The world’s largest rice-producing country is looking for a way to stay competitive in a fast-paced food industry.
The world is hungry for better quality protein, less sugar and higher protein density.
India is a rice-growing country, which produces about 8.4 million tonnes per year, about four times as much as the next largest producer, China.
But the country is struggling with rising costs.
“The rice industry in India is the single largest contributor to the country’s GDP, and that’s the biggest challenge facing the country,” said Gautam Kumar, an economist at IHS Markit.
He expects the Indian rice sector to account for about a third of global rice imports by 2020, making it the third-largest importer of rice after the United States and China.
The government is investing heavily in rice cultivation and processing technology, which Kumar said could help India achieve the goal of doubling its rice production by 2020.
But it is also working on more efficient farming techniques, such as using fewer animals and using natural fertilizers and pesticides.
The Indian government has invested heavily in the rice industry.
It is spending $2.5 billion on research and development, and $4 billion on seed and technology development.

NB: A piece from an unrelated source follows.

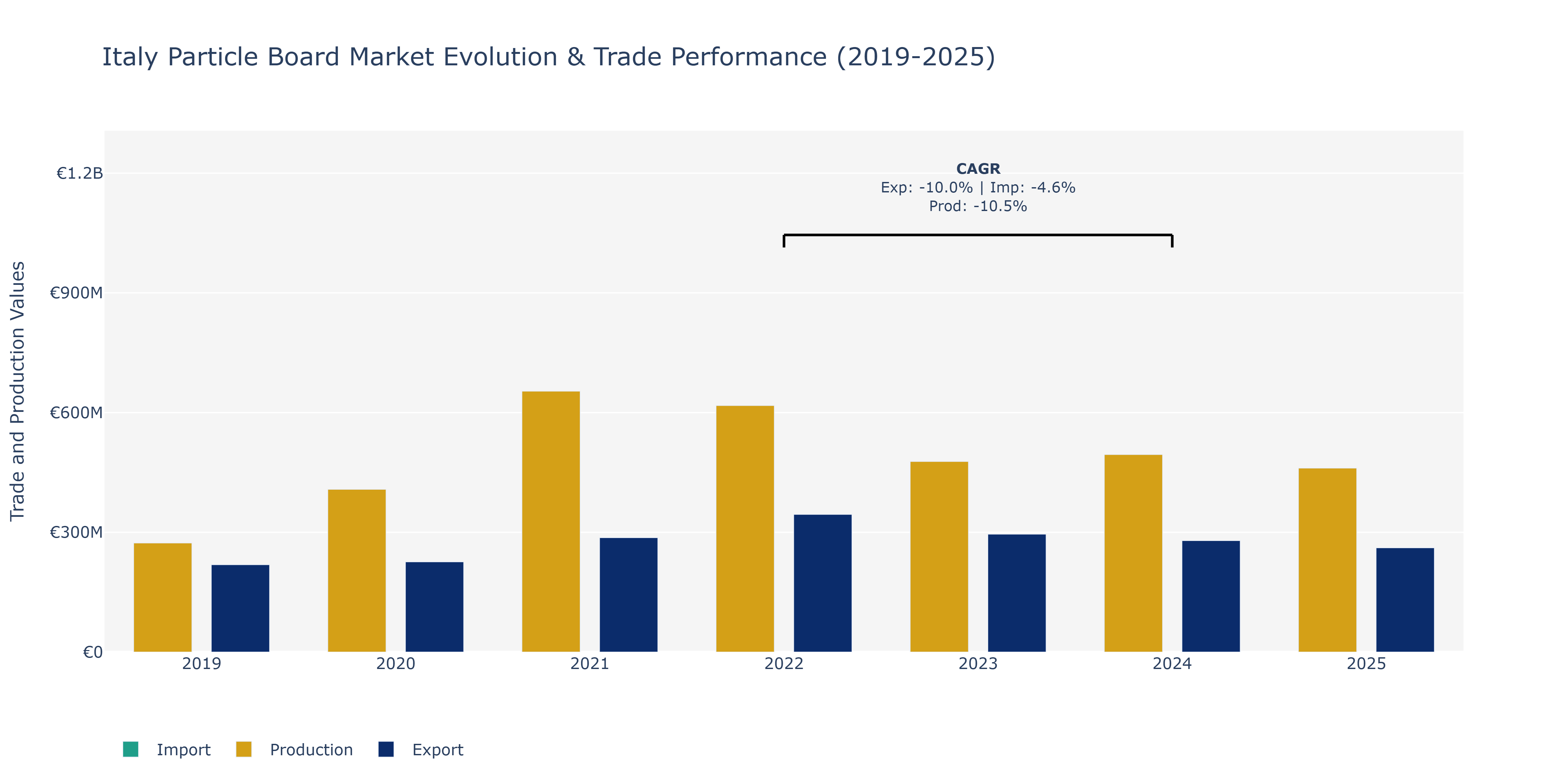 Italy Particle Board Market: Production & Trade Performance (2019-2025)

It has also introduced a government-funded research program that aims to increase the efficiency of the farming system.
“This is an area where we have a long way to go,” Kumar said.
“There are many issues we need to work on, but we have done quite a lot.”
But Kumar said it would be difficult for the rice sector in India to achieve its ambitious targets.
“It’s a challenging area,” he said.
In recent years, India has been struggling to find its footing as a rice producer.
It started producing rice in the 1980s, but it has struggled to expand production.
The country has been in a food recession since 2009.
In 2010, India’s rice exports dropped 30% to $1.3 billion, and by 2020 they are expected to fall as much to $6.7 billion.
But India’s agricultural sector has been hit by the crisis, with the value of rice exported to China halving from $30 billion in 2011 to $12 billion in 2017.
India’s dependence on rice is also affecting its domestic economy, as it has not been able to compete with China in rice production.
India was once the world’s third-biggest rice producer, with an annual production of 8 million tonnes, and its domestic market is dominated by China.
Rice is the main ingredient in most Chinese products, but some Chinese products such as rice noodles and soy sauce are also imported to India.
“India is very dependent on China for rice, and it is difficult for us to compete against China in that area,” Kumar explained.
He added that the government was looking at improving the efficiency and cost of rice farming in India, but said it was not ready to announce any major changes to its agriculture policies yet.